The sewer system is a critical component of urban infrastructure, responsible for transporting wastewater and stormwater away from populated areas. Proper design and management of sewer systems are essential to prevent flooding, reduce environmental pollution, and ensure public health and safety. One crucial parameter in sewer system design and management is the particle Froude number (F-rn). The goal of this study is to develop a predictive algorithm that takes into account the relevant input parameters, such as volumetric sediment concentration (C-v), dimensionless grain size of particles (D-gr), the ratio of sediment median size to the hydraulic radius (d/R), pipe friction factor (lambda) to accurately predict the F-rn using an ablation study for the condition of non-deposition with clean bed data. The proposed approach is based on hyper-parameter optimization techniques, i.e., Babysitting method (BSM), GridSearchCV (GS), random search (RS), Bayesian optimization with Gaussian process (BO-GP), Bayesian optimization with tree-structures Parzen estimator (BO-TPE), and particle swarm optimization (PSO), which are applied to the four machine learning algorithms such as random forest (RF), gradient boosting (GB), K-nearest neighbor (KNN), and support vector regression (SVR).
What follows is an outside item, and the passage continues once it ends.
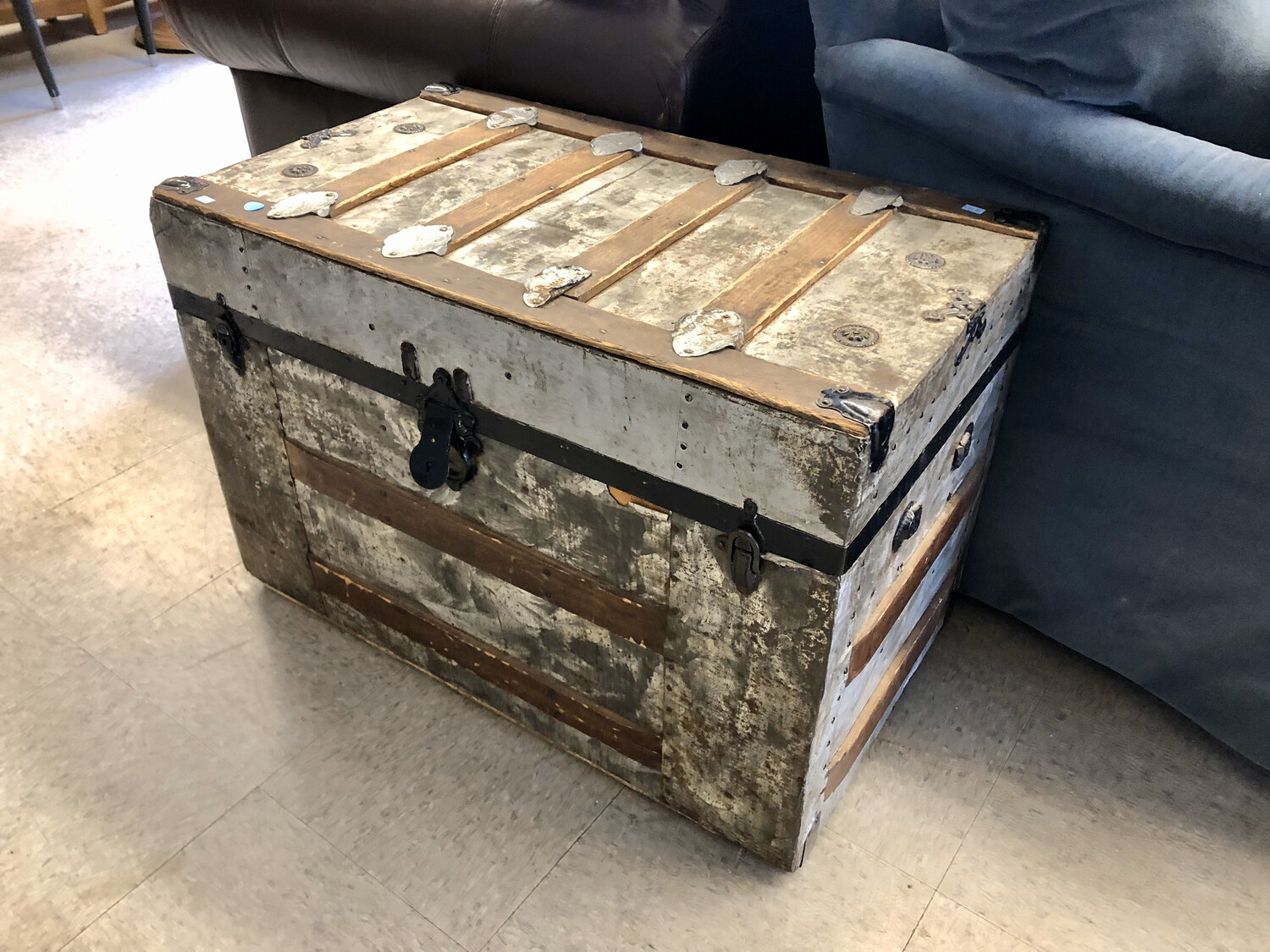 Antique Metal Trunk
The proposed algorithms are compared with the existing algorithms in terms of coefficient of determination (R-2), root mean square error-observations standard deviation ratio (RSR), and normalized mean absolute error (NMAE) to assess the performance of the proposed algorithms. The results show that the proposed algorithms yield superior outcomes across all performance metrics. Among the proposed algorithms, GB+PSO predicted F-rn with significant accuracy and has the highest prediction accuracy (R-2 = 0.996, RSR = 0.068, and NMAE = 0.009, respectively), followed by RF+BO-GP, SVR+RS, and KNN+PSO. We have provided a comparison with the existing state-of-the-art methods and beat them. We evaluate these proposed algorithms against several widely recognized empirical equations found in the existing literature.